Our results showed that 1.37% of the dementia
patients and 0.25% of the control subjects had
been previously diagnosed with bipolar disorder.
Previous studies conducted in Taiwan, including
one from a 1985 community survey – the Taiwan
Psychiatric Epidemiological Project (20) – and
another from the 2000 National Health Insurance
study (21), both estimated prevalence rates for
bipolar affective disorders to be 0.16–0.17%, which
is comparable to the observed prevalence rate in
this study. Of note, the estimated prevalence rate
(0.25%) was representative of the proportion of
treated bipolar patients among the National
Health Insurance (NHI) enrollees in Taiwan.
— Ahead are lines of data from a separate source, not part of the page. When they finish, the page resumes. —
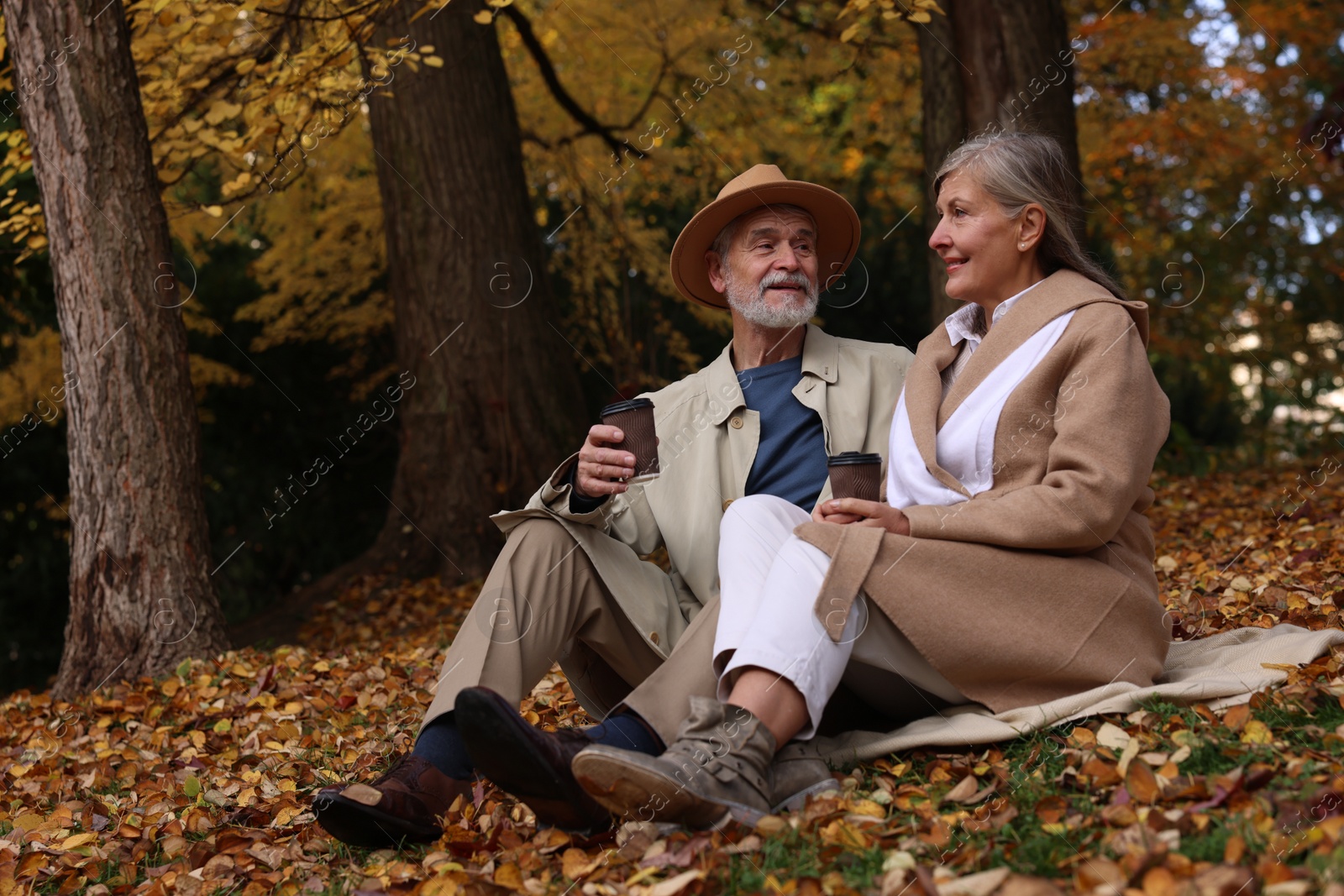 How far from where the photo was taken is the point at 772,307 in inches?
146

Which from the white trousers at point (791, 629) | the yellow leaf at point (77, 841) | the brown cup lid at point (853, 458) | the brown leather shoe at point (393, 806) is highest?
the brown cup lid at point (853, 458)

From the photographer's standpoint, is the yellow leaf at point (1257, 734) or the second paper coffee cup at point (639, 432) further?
the second paper coffee cup at point (639, 432)

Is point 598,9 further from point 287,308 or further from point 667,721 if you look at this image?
point 667,721

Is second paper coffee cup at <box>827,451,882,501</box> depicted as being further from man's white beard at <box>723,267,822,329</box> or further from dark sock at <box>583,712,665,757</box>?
man's white beard at <box>723,267,822,329</box>

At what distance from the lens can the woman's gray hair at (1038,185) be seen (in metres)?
3.07

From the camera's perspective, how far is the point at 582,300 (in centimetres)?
994

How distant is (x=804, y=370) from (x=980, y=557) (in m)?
1.10

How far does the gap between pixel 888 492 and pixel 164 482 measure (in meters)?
3.48

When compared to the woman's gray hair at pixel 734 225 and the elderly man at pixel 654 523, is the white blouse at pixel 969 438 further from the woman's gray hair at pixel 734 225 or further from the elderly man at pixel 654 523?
the woman's gray hair at pixel 734 225

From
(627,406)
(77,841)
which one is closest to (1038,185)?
(627,406)

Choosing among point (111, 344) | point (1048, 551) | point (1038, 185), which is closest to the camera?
point (1048, 551)

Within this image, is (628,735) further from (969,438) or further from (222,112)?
(222,112)

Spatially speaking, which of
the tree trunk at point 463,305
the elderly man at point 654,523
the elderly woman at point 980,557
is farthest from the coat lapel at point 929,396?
the tree trunk at point 463,305

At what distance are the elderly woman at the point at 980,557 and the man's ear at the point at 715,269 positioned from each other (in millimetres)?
1001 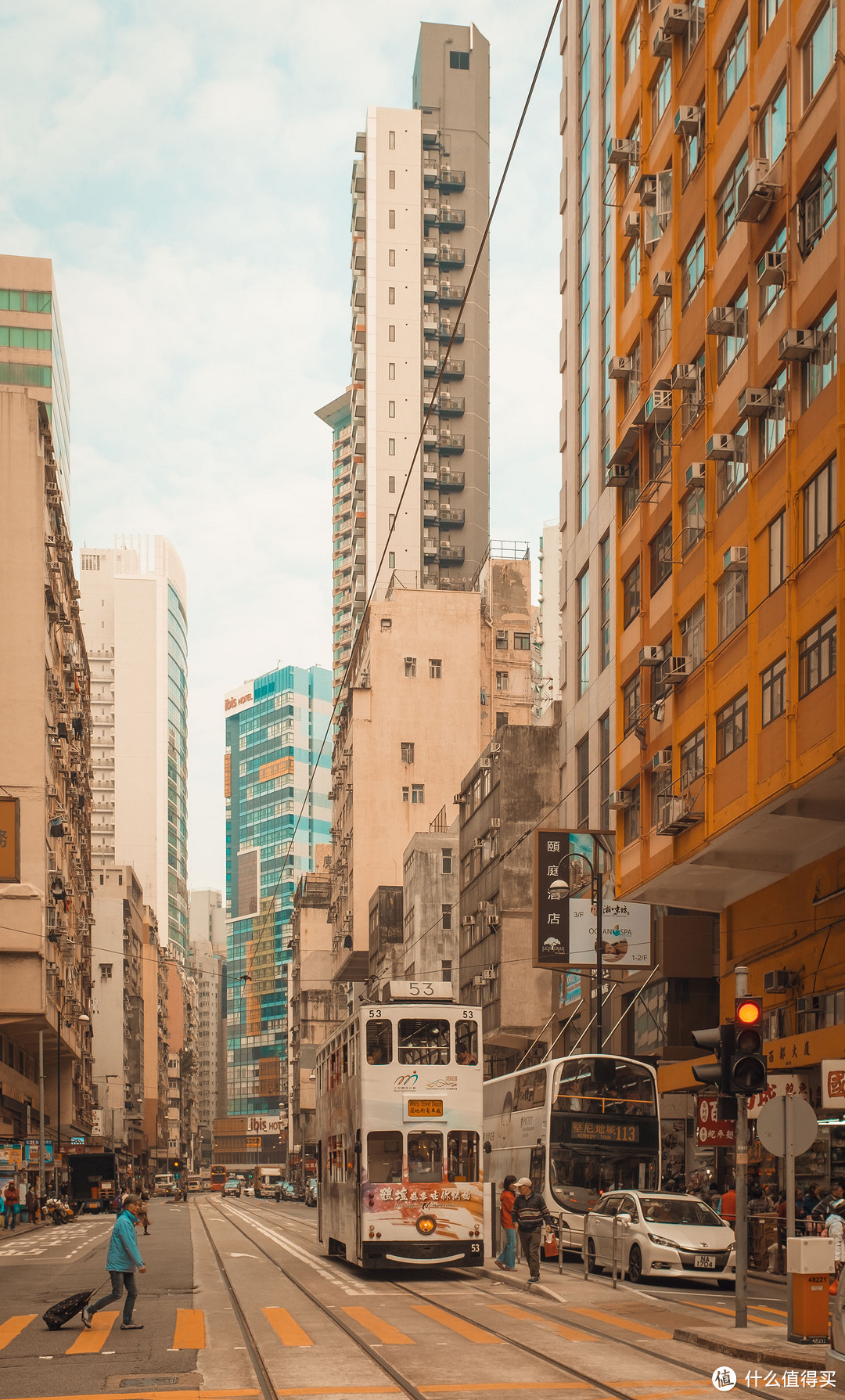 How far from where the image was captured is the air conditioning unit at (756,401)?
86.5 ft

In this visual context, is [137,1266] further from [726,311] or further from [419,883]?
[419,883]

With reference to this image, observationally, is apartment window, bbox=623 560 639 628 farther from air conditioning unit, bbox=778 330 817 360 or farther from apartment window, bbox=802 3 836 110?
apartment window, bbox=802 3 836 110

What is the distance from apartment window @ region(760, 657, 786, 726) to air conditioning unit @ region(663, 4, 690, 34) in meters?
14.5

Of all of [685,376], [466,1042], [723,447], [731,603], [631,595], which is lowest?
[466,1042]

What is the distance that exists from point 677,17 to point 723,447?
33.2 feet

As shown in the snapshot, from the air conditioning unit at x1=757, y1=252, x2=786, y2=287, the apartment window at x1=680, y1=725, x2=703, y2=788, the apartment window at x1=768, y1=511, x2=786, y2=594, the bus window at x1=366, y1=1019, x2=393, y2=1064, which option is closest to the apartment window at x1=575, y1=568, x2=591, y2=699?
the apartment window at x1=680, y1=725, x2=703, y2=788

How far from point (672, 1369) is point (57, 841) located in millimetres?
56496

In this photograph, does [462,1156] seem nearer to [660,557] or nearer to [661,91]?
[660,557]

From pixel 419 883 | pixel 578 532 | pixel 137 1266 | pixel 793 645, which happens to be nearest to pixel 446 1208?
pixel 137 1266

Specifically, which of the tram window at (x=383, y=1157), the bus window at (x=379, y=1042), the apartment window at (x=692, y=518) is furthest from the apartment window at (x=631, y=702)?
the tram window at (x=383, y=1157)

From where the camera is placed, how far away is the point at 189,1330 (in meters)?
17.0

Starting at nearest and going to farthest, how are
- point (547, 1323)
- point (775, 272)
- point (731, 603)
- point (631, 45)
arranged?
point (547, 1323)
point (775, 272)
point (731, 603)
point (631, 45)

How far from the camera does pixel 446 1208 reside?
944 inches

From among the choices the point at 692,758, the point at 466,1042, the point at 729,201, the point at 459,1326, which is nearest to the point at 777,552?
the point at 692,758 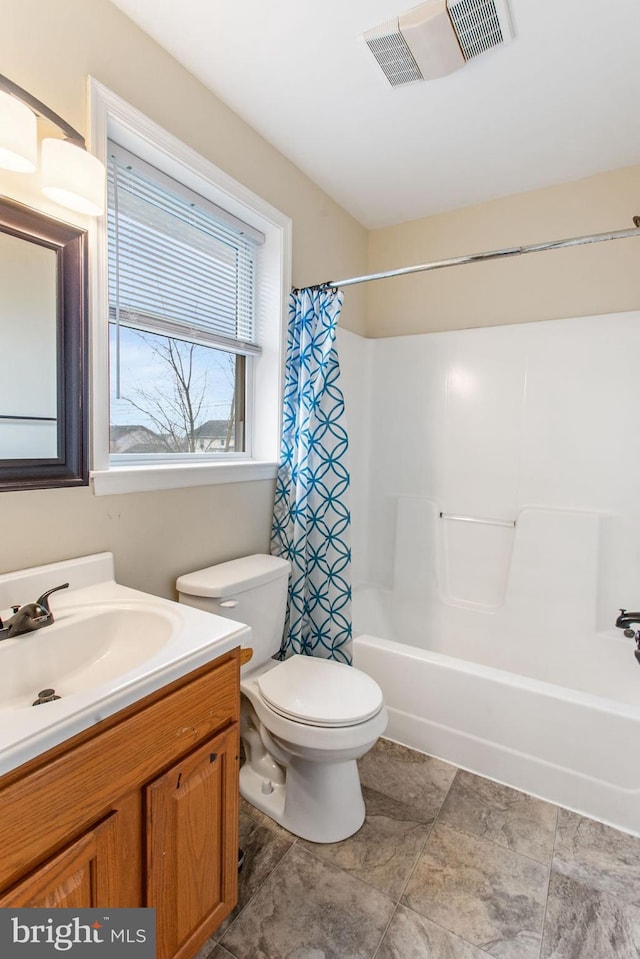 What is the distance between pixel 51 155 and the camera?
3.70 feet

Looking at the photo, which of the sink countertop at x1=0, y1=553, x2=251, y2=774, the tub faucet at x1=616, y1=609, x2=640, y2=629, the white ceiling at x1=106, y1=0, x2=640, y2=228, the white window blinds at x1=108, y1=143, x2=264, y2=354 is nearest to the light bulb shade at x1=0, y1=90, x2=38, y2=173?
the white window blinds at x1=108, y1=143, x2=264, y2=354

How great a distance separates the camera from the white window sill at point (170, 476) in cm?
138

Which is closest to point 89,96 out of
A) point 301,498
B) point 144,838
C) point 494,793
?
point 301,498

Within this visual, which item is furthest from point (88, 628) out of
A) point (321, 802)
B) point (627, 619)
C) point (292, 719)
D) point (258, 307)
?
point (627, 619)

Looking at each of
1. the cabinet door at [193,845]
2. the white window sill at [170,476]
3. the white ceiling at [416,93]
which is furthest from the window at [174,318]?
the cabinet door at [193,845]

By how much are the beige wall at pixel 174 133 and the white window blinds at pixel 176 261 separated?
177 mm

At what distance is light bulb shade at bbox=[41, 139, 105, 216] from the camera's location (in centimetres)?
113

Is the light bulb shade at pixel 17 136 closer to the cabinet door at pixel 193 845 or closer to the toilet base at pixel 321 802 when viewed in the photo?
the cabinet door at pixel 193 845

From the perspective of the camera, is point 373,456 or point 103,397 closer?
point 103,397

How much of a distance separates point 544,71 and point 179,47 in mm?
1191

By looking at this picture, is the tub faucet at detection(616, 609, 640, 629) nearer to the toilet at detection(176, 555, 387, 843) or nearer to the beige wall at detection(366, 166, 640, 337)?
the toilet at detection(176, 555, 387, 843)

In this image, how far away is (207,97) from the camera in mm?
1670

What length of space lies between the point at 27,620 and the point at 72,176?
3.44 feet

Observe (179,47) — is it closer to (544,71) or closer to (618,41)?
(544,71) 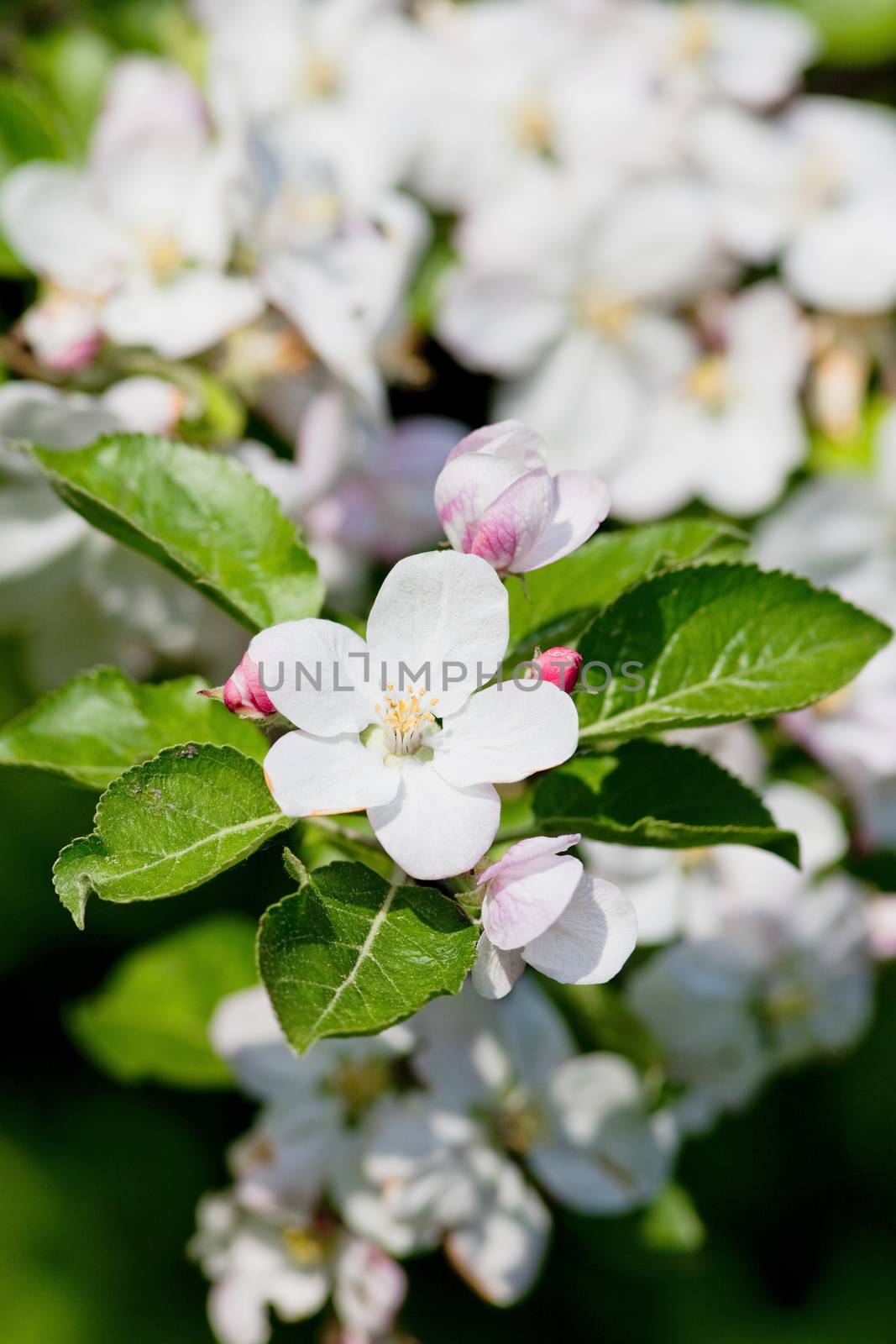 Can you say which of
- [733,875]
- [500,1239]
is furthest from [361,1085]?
[733,875]

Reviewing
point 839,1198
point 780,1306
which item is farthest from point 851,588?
point 780,1306

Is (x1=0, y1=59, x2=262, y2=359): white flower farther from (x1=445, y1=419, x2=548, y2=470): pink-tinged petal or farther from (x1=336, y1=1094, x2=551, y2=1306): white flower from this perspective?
(x1=336, y1=1094, x2=551, y2=1306): white flower

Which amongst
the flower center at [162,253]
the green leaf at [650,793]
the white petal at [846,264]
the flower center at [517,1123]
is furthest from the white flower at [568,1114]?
the white petal at [846,264]

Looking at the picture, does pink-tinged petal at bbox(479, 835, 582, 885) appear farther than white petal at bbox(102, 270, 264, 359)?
No

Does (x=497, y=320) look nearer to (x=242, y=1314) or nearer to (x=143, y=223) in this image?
(x=143, y=223)

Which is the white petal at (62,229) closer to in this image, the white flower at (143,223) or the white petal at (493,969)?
the white flower at (143,223)

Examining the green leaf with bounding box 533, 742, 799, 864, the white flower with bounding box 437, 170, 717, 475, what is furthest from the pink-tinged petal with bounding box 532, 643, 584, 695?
the white flower with bounding box 437, 170, 717, 475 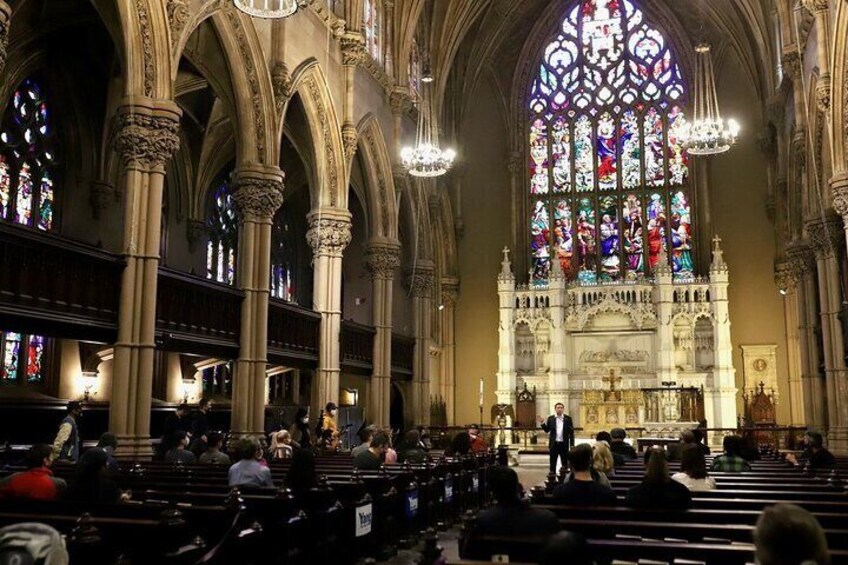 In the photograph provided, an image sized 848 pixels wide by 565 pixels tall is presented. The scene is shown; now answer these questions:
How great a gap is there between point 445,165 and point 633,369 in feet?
38.7

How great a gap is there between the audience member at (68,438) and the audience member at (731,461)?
930 cm

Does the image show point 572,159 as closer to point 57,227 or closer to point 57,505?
point 57,227

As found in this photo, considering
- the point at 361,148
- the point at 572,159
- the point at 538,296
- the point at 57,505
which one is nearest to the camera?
the point at 57,505

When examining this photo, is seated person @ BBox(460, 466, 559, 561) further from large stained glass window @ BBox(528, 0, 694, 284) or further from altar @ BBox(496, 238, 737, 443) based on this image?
large stained glass window @ BBox(528, 0, 694, 284)

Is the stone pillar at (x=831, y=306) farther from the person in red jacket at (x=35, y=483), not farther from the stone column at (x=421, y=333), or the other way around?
the person in red jacket at (x=35, y=483)

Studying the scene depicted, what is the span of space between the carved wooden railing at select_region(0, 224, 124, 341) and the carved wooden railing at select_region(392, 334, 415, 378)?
562 inches

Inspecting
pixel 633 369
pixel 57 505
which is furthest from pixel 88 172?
pixel 633 369

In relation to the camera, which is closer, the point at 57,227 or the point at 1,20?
the point at 1,20

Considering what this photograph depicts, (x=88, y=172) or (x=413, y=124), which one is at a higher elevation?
(x=413, y=124)

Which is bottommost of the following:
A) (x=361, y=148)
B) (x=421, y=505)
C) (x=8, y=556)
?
(x=421, y=505)

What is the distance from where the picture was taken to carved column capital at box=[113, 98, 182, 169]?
1439 centimetres

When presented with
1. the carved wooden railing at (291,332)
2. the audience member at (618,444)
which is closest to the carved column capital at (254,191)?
the carved wooden railing at (291,332)

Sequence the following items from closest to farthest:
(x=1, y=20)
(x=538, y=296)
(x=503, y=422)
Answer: (x=1, y=20)
(x=503, y=422)
(x=538, y=296)

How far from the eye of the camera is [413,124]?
95.1ft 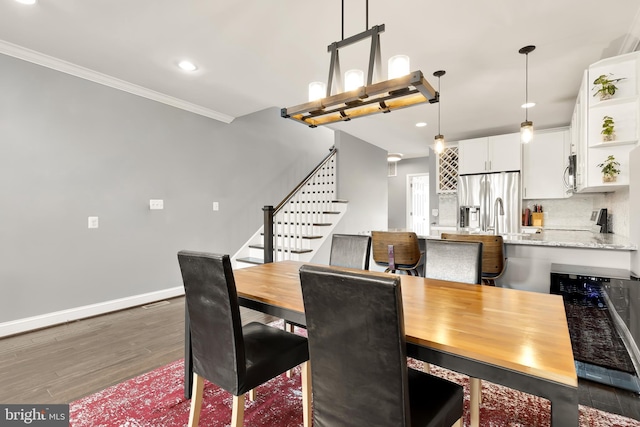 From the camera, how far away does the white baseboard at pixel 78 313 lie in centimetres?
285

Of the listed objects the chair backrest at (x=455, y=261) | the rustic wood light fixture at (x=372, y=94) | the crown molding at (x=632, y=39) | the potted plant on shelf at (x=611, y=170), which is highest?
the crown molding at (x=632, y=39)

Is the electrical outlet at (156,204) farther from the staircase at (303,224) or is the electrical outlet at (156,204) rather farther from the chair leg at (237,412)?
the chair leg at (237,412)

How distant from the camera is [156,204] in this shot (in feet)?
12.6

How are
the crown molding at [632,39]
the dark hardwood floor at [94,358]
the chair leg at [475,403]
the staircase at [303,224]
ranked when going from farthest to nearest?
the staircase at [303,224], the crown molding at [632,39], the dark hardwood floor at [94,358], the chair leg at [475,403]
As
such, it might not be comparable to the lifetime
prevalence rate of bipolar disorder in the general
population.
In addition, in the absence of a consensual defi-
nition for prodromal period, we defined
six months as the prodromal interval between
bipolar disorder and dementia in the present study.
To test the robustness of our findings, we further
repeated logistic regression analyses for four different
prodromal intervals: one year, two years, three
years, and five years, separately. Notably, the
results presented in Supplementary Table 1 are
remarkably consistent across the five different prodromal
intervals: six months, one year, two years,
three years, and five years, separately.